As the business expanded market coverage and partnerships, the product needed to scale without added complexity. This project became a turning point by introducing a consistent design thinking workflow and merging multiple apps into a single experience, requiring a complete rethink of the information architecture.
Market Guide Mobile App
A Marketplace Discovery Platform
Digital Ventures, SCB, Thailand
May - July 2018
End-to-end Product /
UX Designer
Challenge
Digital Ventures had three separate market guide apps, making it harder for users to explore multiple markets and difficult for the business to scale. We decided to merge them into a single Market Guide platform.
This exposed two challenges.
Organizational: The team jumped quickly into feature ideas like more categories, banners, and filters without aligning on user needs. Success metrics differed across teams, and decisions were mostly opinion-driven.

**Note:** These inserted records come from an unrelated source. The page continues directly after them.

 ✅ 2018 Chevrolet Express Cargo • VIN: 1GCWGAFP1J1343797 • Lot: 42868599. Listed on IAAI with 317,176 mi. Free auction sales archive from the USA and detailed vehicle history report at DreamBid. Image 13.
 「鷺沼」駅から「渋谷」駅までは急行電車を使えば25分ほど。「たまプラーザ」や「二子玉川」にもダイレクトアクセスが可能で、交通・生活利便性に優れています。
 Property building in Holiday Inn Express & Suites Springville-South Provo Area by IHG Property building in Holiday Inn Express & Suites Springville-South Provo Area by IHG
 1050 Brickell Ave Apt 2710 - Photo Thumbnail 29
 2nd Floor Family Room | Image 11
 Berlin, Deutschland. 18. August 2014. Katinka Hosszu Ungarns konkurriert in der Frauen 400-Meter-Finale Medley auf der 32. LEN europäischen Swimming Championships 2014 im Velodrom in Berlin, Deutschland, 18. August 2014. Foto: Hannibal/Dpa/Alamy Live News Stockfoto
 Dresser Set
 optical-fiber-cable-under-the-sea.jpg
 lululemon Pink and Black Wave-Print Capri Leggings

Product: Merging the apps increased content and complexity, requiring a rework of the information architecture. Feature prioritization stalled progress, so I proposed workshops to define user personas and guide decisions.
Results
Discoverability increased by 42%, showing that users could find relevant markets, merchants, and promotions more easily after the information architecture redesign, even as content scaled.
App maintenance time was reduced by 66%, as merging three apps into one eliminated duplicated design and development work and streamlined updates and new market launches.
Usage retention increased by 21%, indicating that the unified experience and clearer structure encouraged repeat use and delivered stronger long-term value for travelers.
↑ 42%
Increase in Discoverability
↓ 66%
Decrease in Maintenance Time
↑ 21%
Increase in Usage Retention
Process
Understand Users and Align on Outcomes
I led discovery workshops with stakeholders to align on user outcomes and business goals. We identified primary user groups including international travelers, market explorers, and local experience seekers.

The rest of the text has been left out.